● EXERCISE DETAILS
Only the lines below from the one with "POZA SERII! Emmanuel" through the one with "Bão Maysak gây" are to be written out, exactly and without any images.

● MATERIAL FOR THE TASK
· · · · · · ·

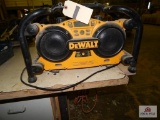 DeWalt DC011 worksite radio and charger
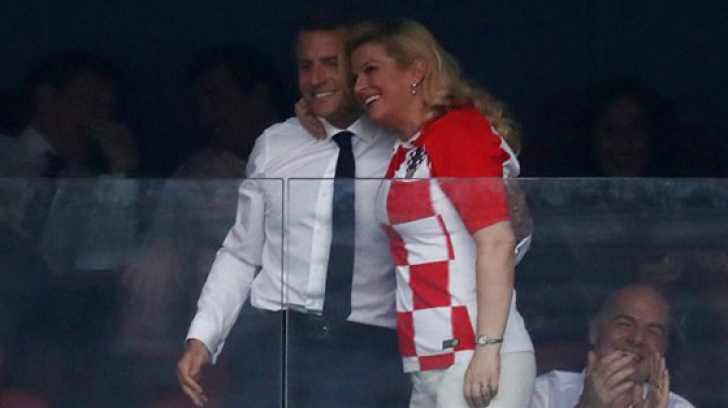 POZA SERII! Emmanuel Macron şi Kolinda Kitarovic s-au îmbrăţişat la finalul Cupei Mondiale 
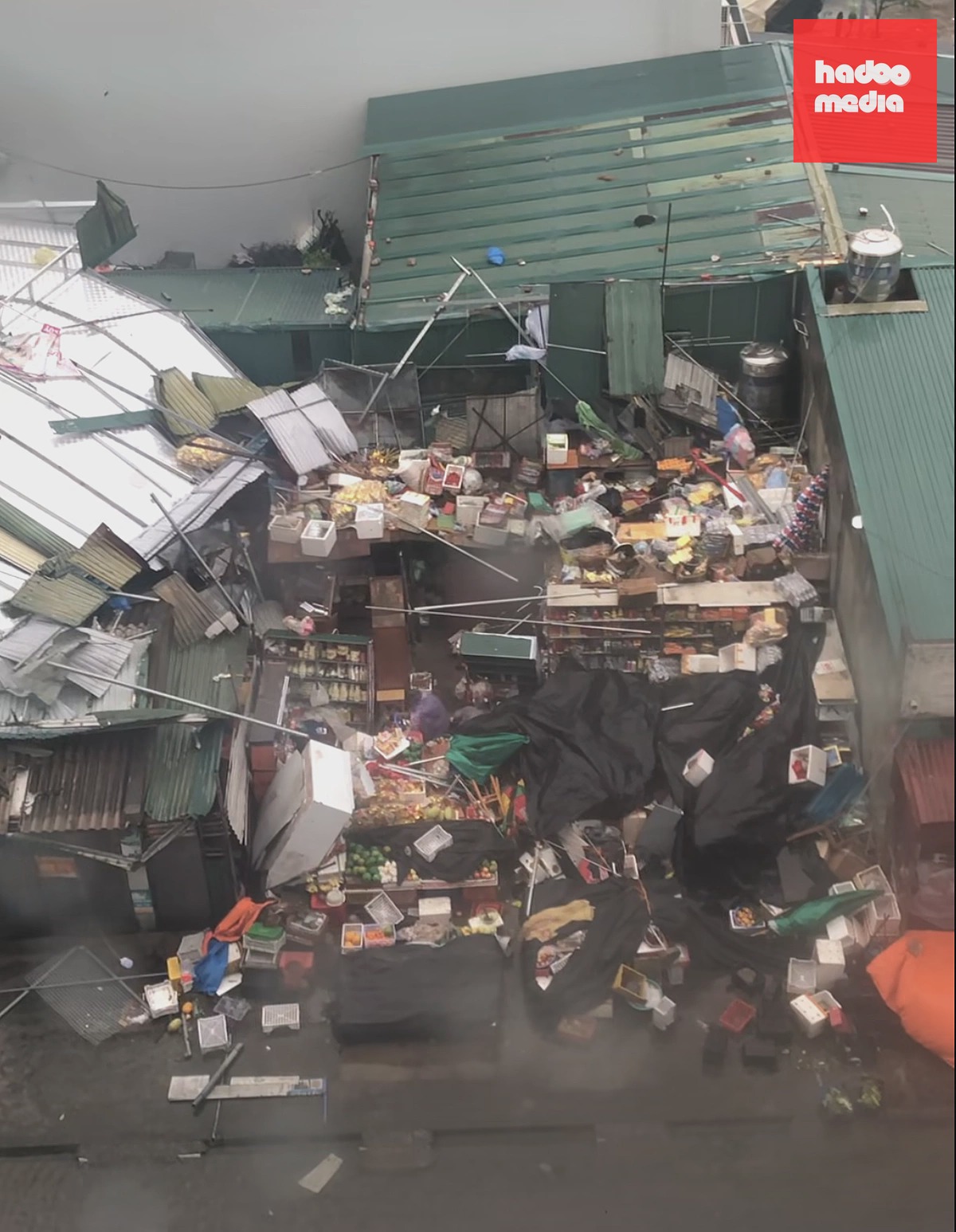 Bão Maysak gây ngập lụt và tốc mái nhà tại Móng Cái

· · · · · · ·

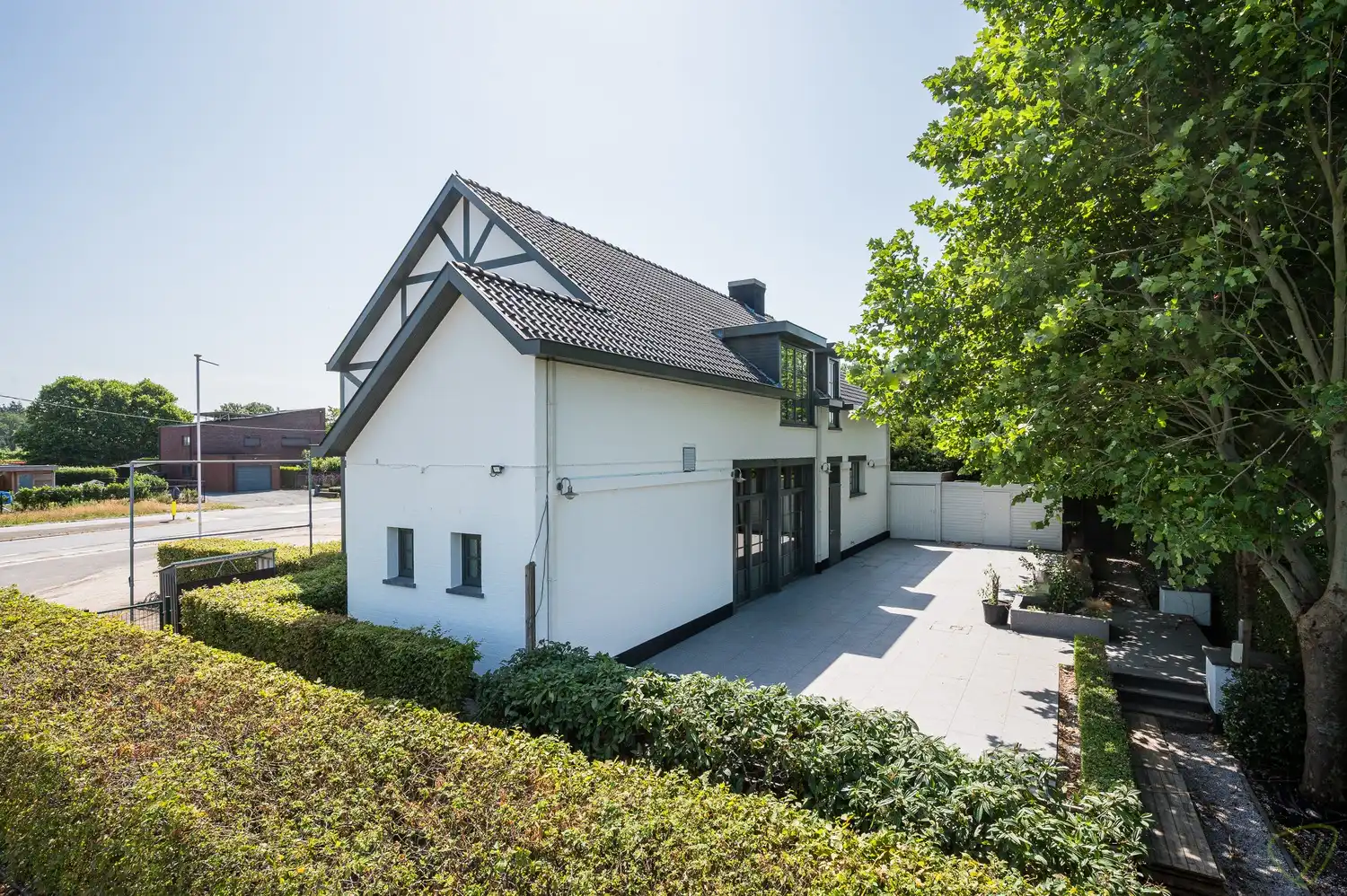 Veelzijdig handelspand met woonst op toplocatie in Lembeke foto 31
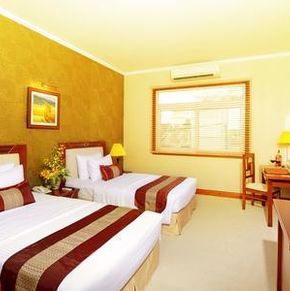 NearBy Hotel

· · · · · · ·

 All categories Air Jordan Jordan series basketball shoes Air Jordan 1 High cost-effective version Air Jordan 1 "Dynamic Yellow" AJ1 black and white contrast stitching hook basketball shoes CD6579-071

· · · · · · ·

● RESPONSE
 POZA SERII! Emmanuel Macron şi Kolinda Kitarovic s-au îmbrăţişat la finalul Cupei Mondiale 
 Bão Maysak gây ngập lụt và tốc mái nhà tại Móng Cái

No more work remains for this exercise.